[DATA IN THIS EXERCISE — start]

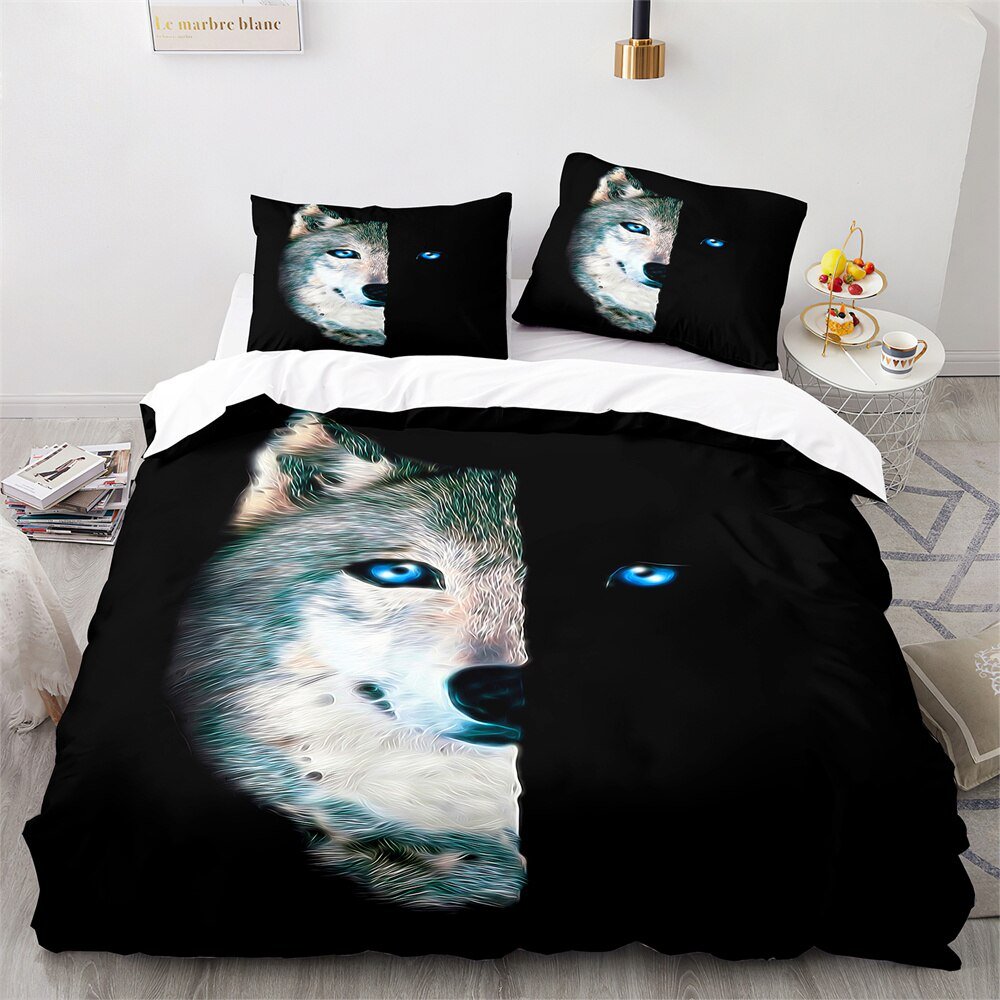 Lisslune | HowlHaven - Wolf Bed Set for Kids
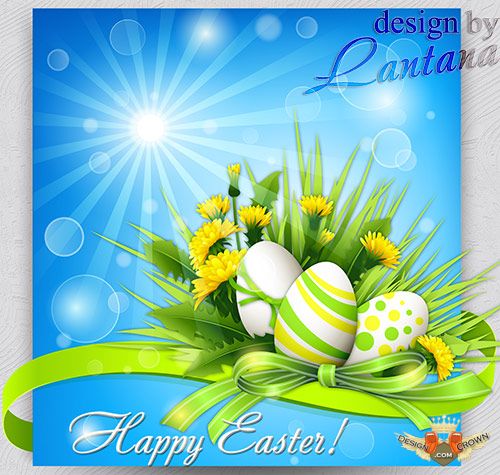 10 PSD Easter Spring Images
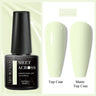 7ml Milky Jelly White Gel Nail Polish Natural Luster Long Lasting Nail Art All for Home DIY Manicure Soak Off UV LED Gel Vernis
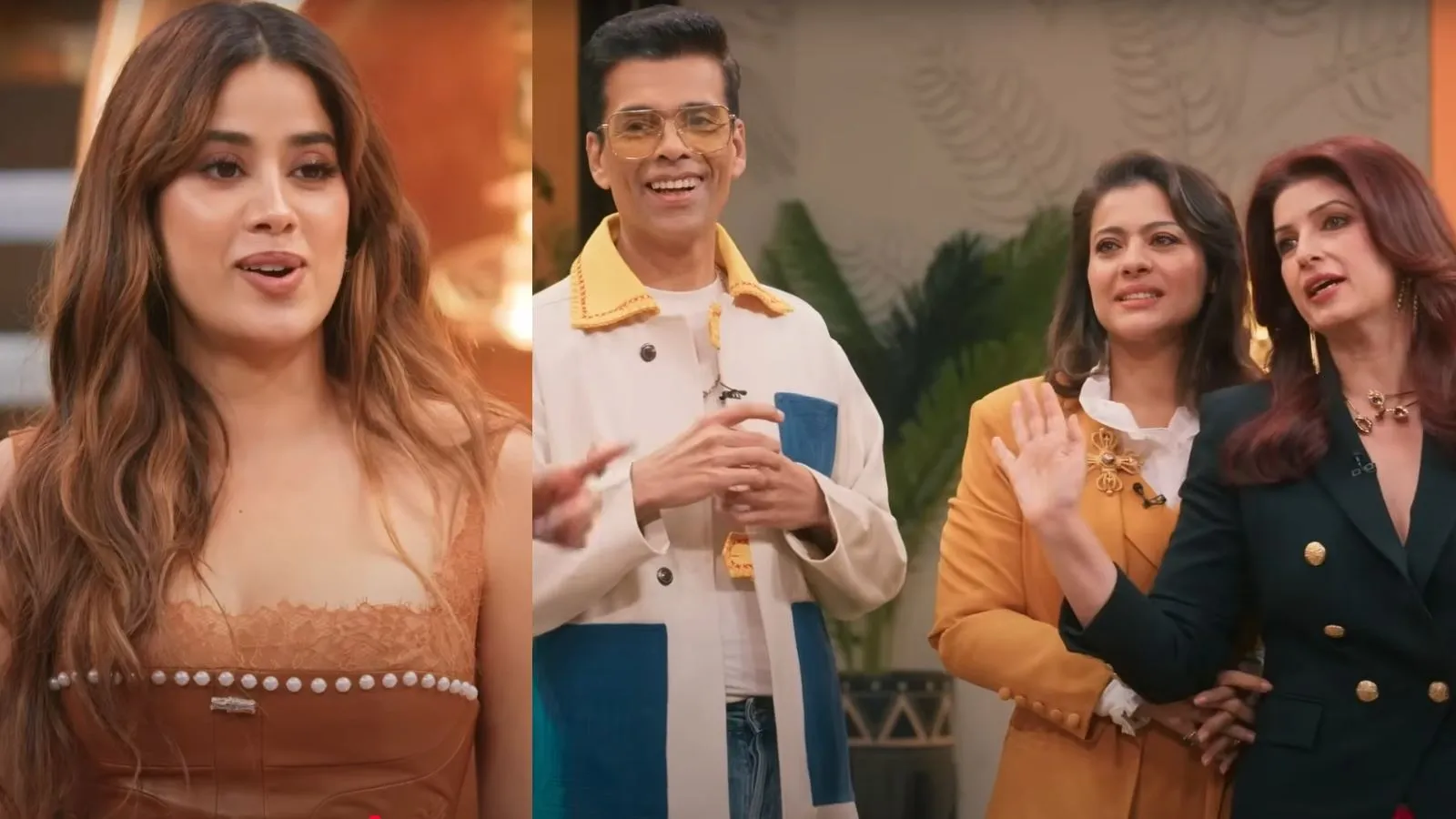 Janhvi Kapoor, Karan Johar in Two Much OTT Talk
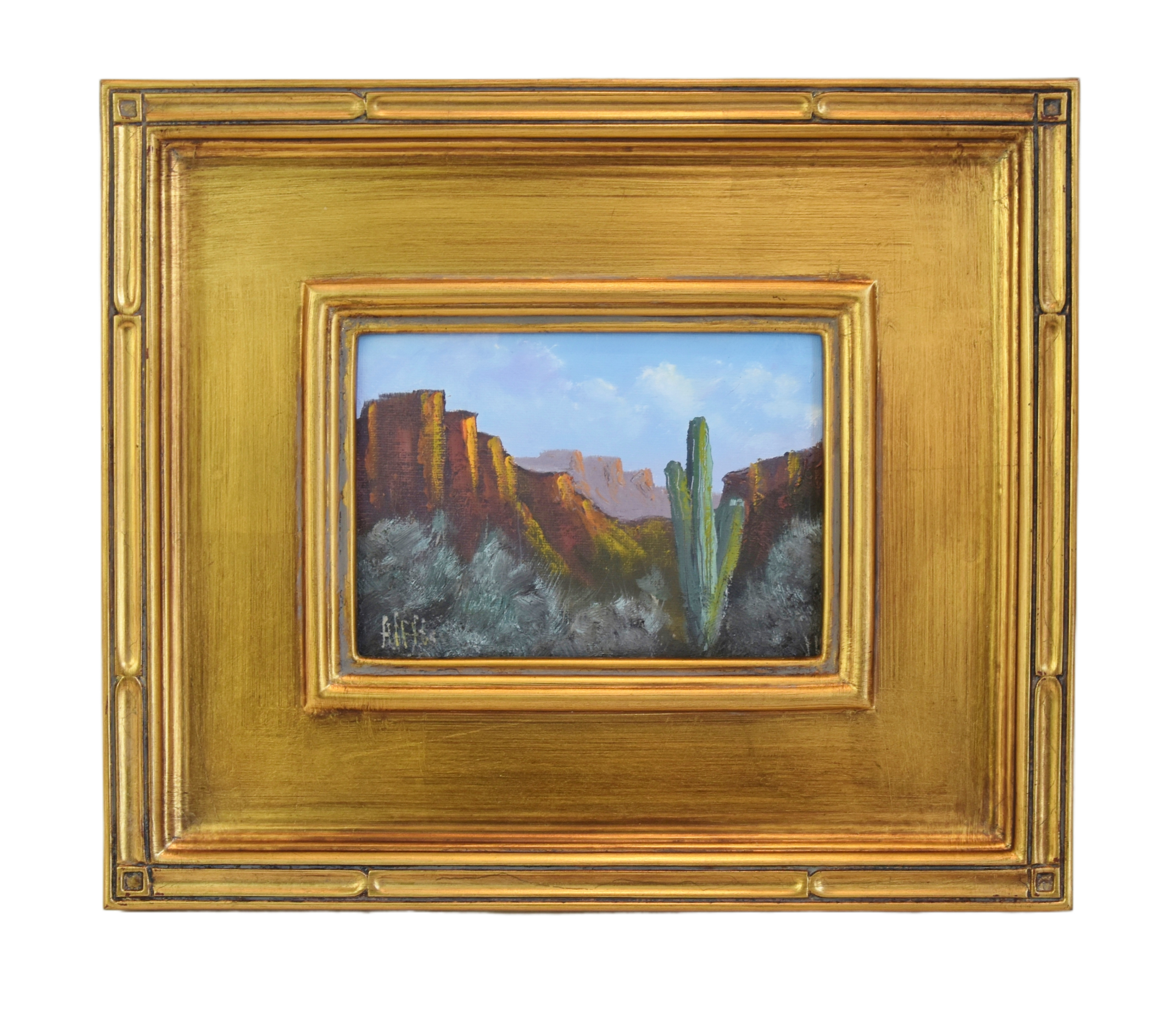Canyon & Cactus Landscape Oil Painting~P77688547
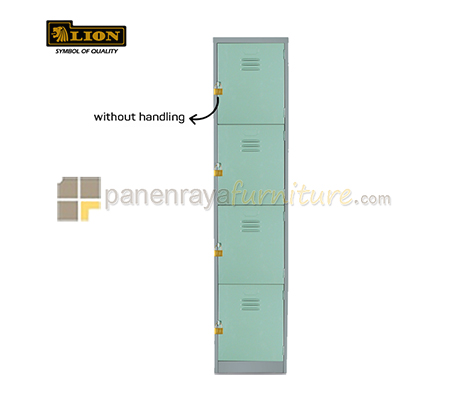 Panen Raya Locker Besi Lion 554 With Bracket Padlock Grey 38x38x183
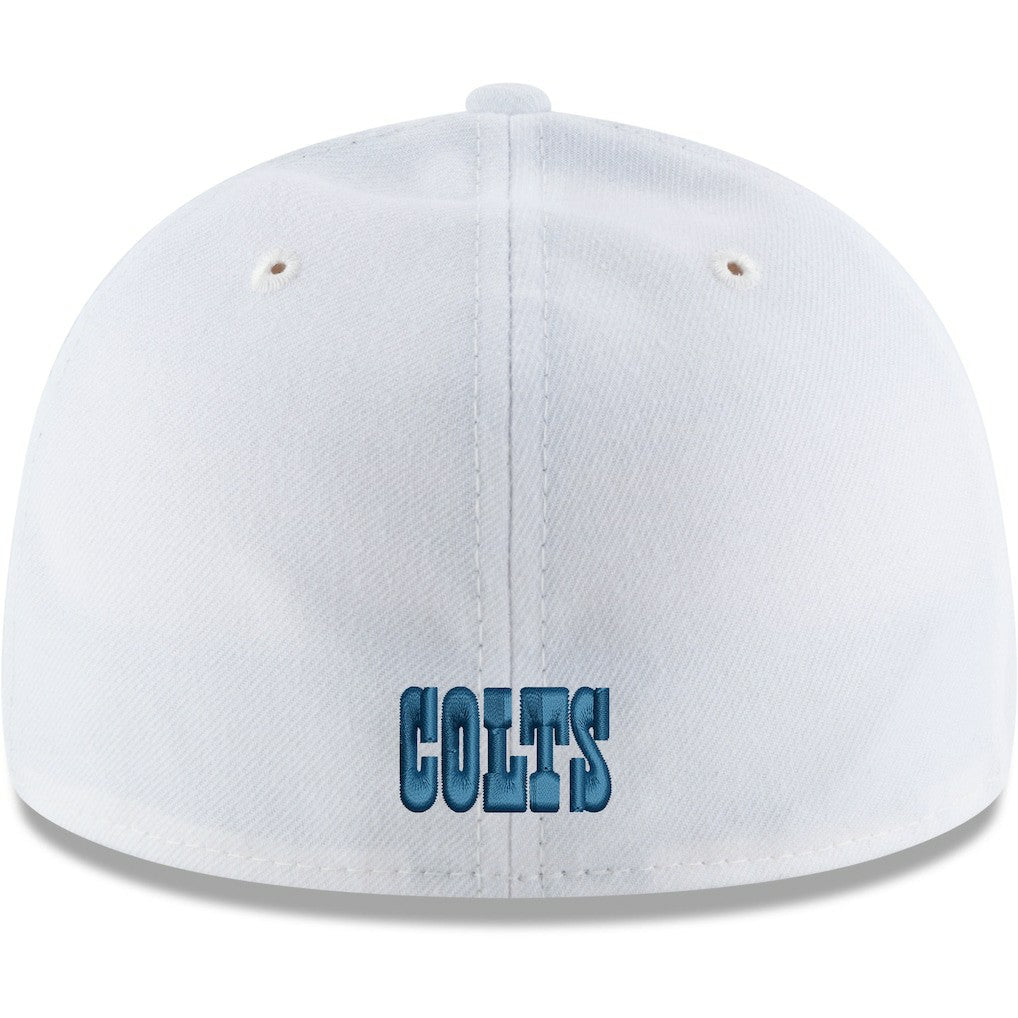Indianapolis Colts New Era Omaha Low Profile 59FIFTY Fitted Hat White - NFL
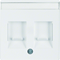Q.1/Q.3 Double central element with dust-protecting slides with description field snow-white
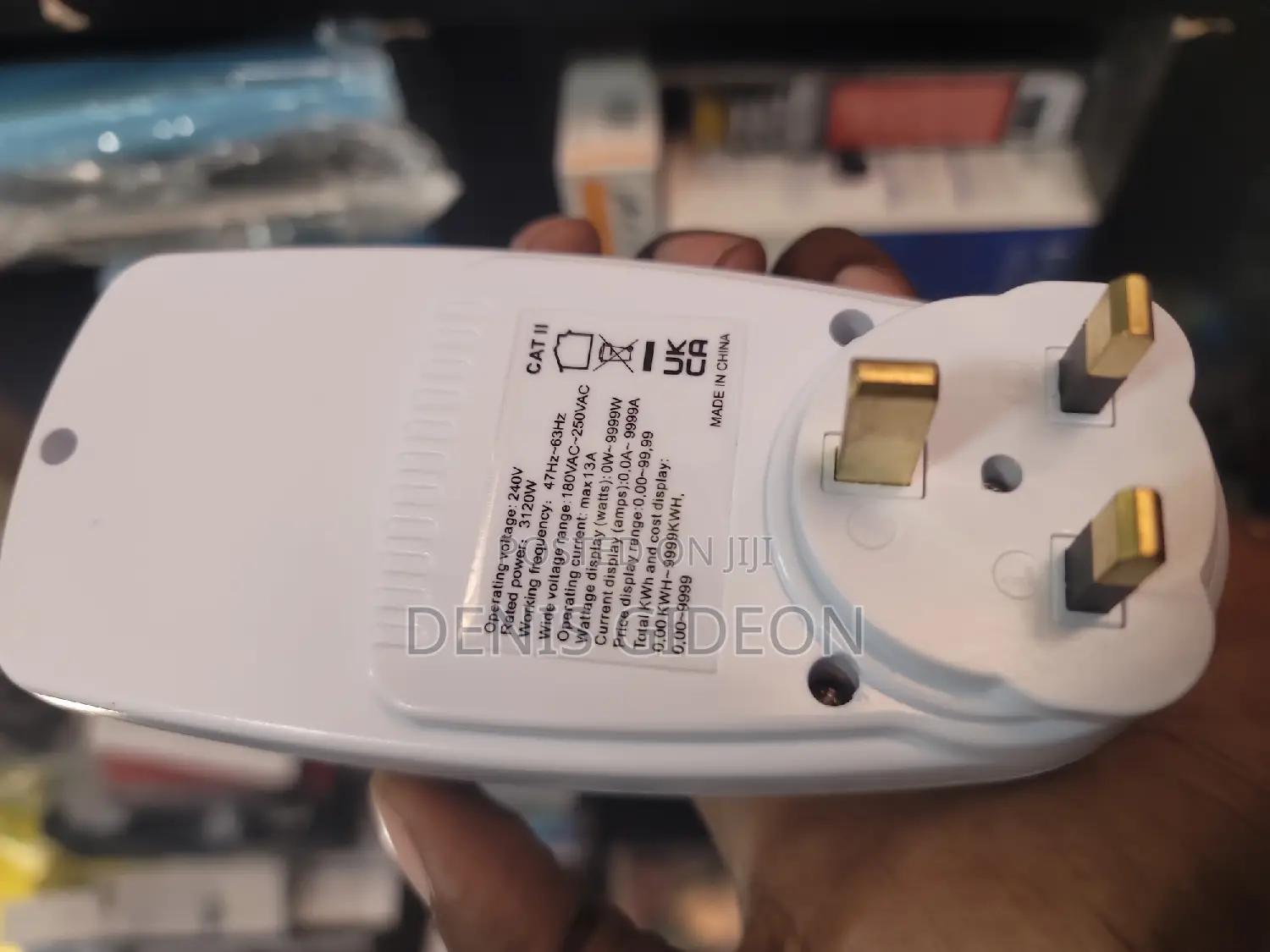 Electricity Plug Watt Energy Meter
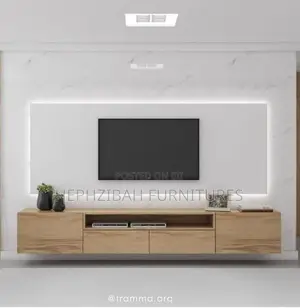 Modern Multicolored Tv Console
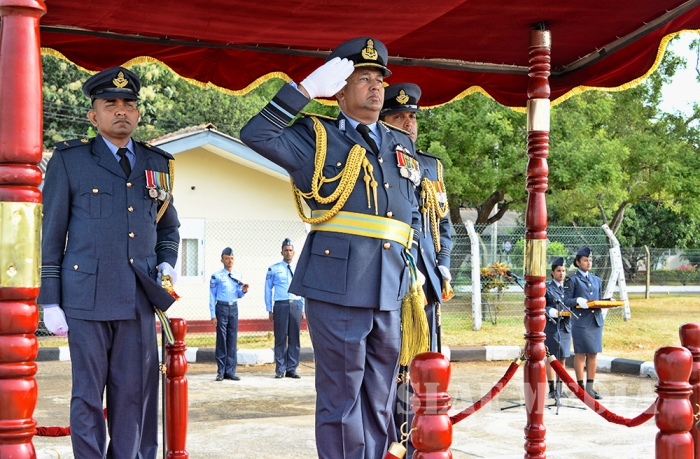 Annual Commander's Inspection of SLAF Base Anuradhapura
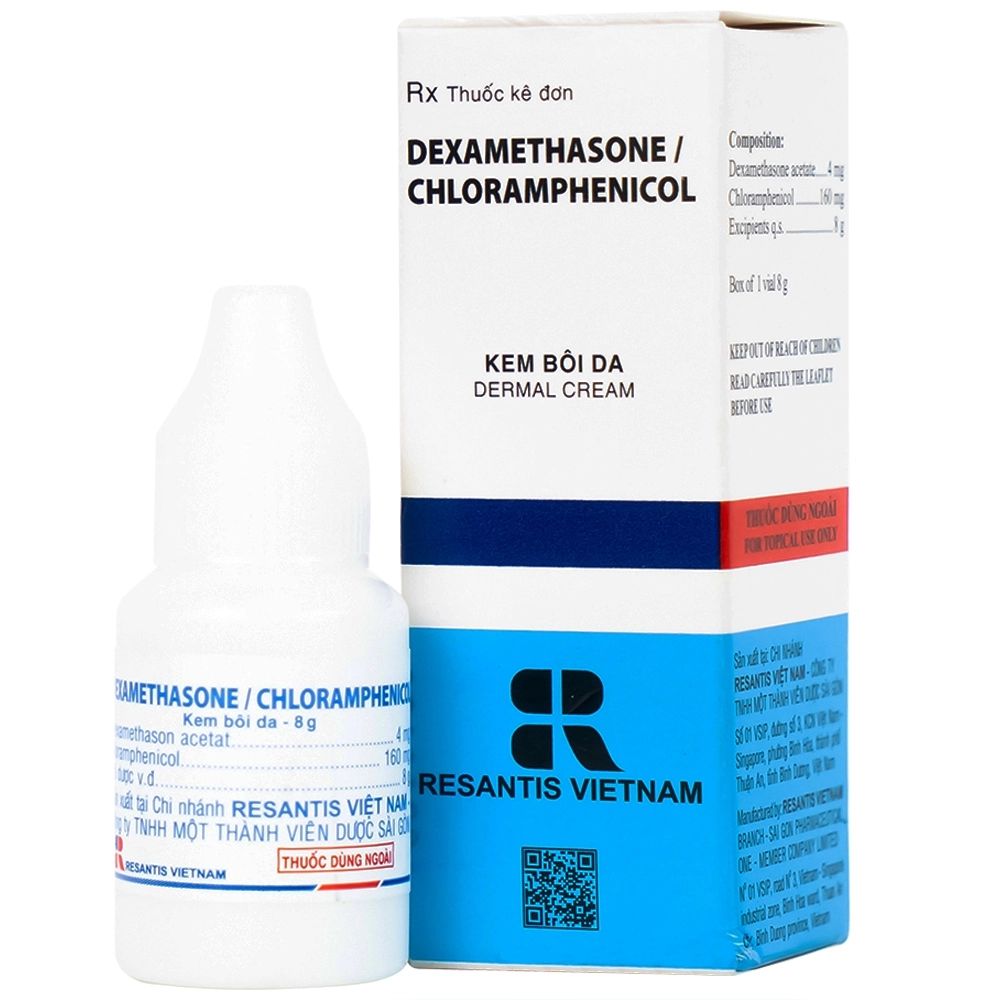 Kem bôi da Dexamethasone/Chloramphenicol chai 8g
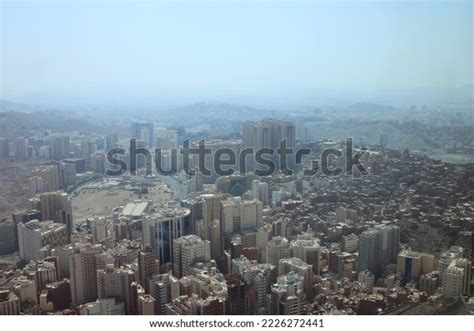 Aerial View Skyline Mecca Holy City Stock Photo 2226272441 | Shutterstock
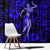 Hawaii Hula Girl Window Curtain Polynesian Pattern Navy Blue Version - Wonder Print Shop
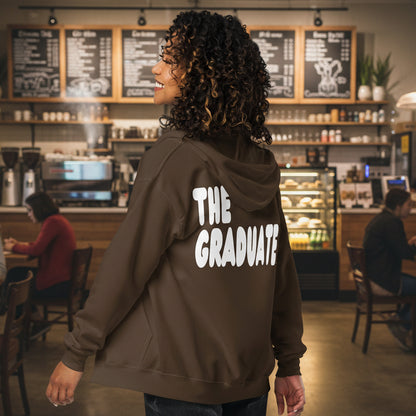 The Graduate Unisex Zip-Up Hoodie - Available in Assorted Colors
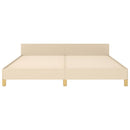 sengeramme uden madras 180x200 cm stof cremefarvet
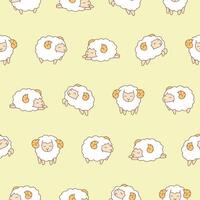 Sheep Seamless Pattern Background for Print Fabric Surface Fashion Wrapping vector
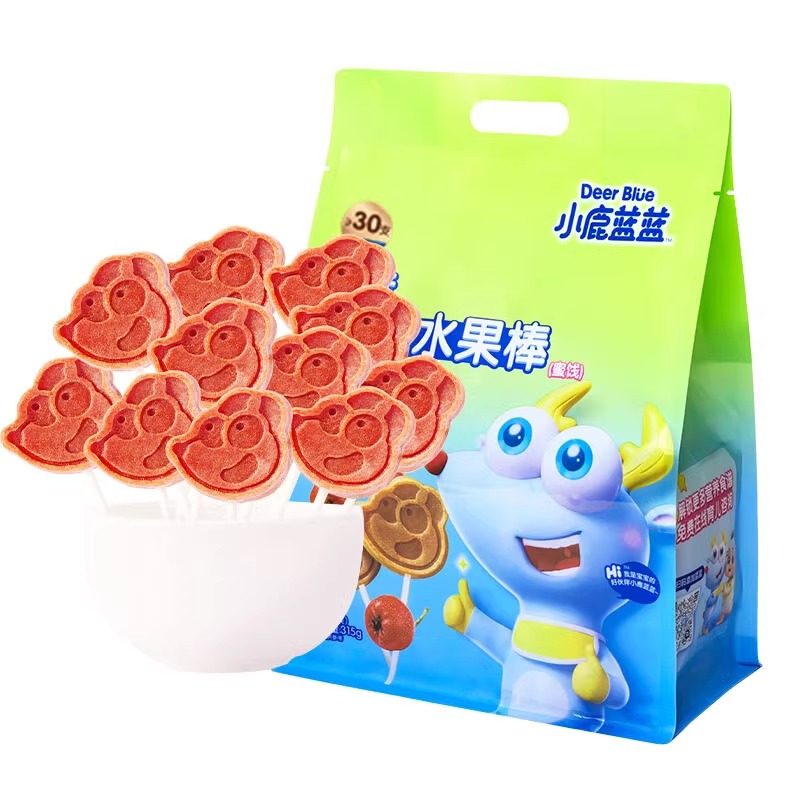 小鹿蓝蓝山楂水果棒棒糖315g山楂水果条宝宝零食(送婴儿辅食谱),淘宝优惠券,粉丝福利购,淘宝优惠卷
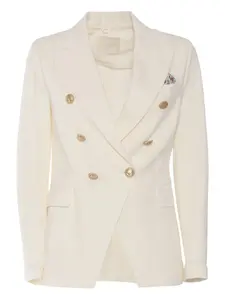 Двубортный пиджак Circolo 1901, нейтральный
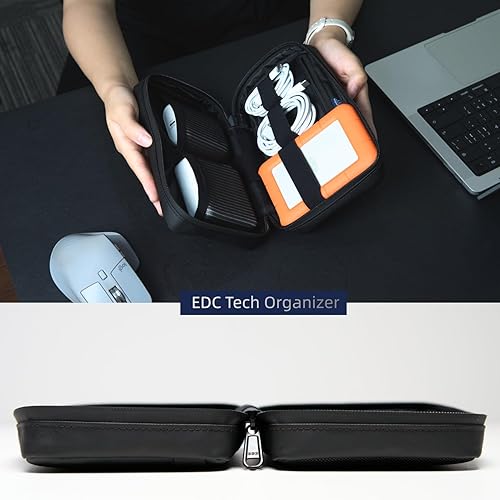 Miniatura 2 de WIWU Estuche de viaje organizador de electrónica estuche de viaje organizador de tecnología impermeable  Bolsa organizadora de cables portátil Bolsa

[DATA IN THIS EXERCISE — finish]

_REQUIREMENT_. When you reach the line that contains "Aerial View Skyline", start reproducing, and continue word for word to the end of the records; skip all pictures.

_ANSWER AREA_.
 Aerial View Skyline Mecca Holy City Stock Photo 2226272441 | Shutterstock
 Hawaii Hula Girl Window Curtain Polynesian Pattern Navy Blue Version - Wonder Print Shop
 The Graduate Unisex Zip-Up Hoodie - Available in Assorted Colors
 sengeramme uden madras 180x200 cm stof cremefarvet
 Sheep Seamless Pattern Background for Print Fabric Surface Fashion Wrapping vector
 小鹿蓝蓝山楂水果棒棒糖315g山楂水果条宝宝零食(送婴儿辅食谱),淘宝优惠券,粉丝福利购,淘宝优惠卷
 Двубортный пиджак Circolo 1901, нейтральный
 Miniatura 2 de WIWU Estuche de viaje organizador de electrónica estuche de viaje organizador de tecnología impermeable  Bolsa organizadora de cables portátil Bolsa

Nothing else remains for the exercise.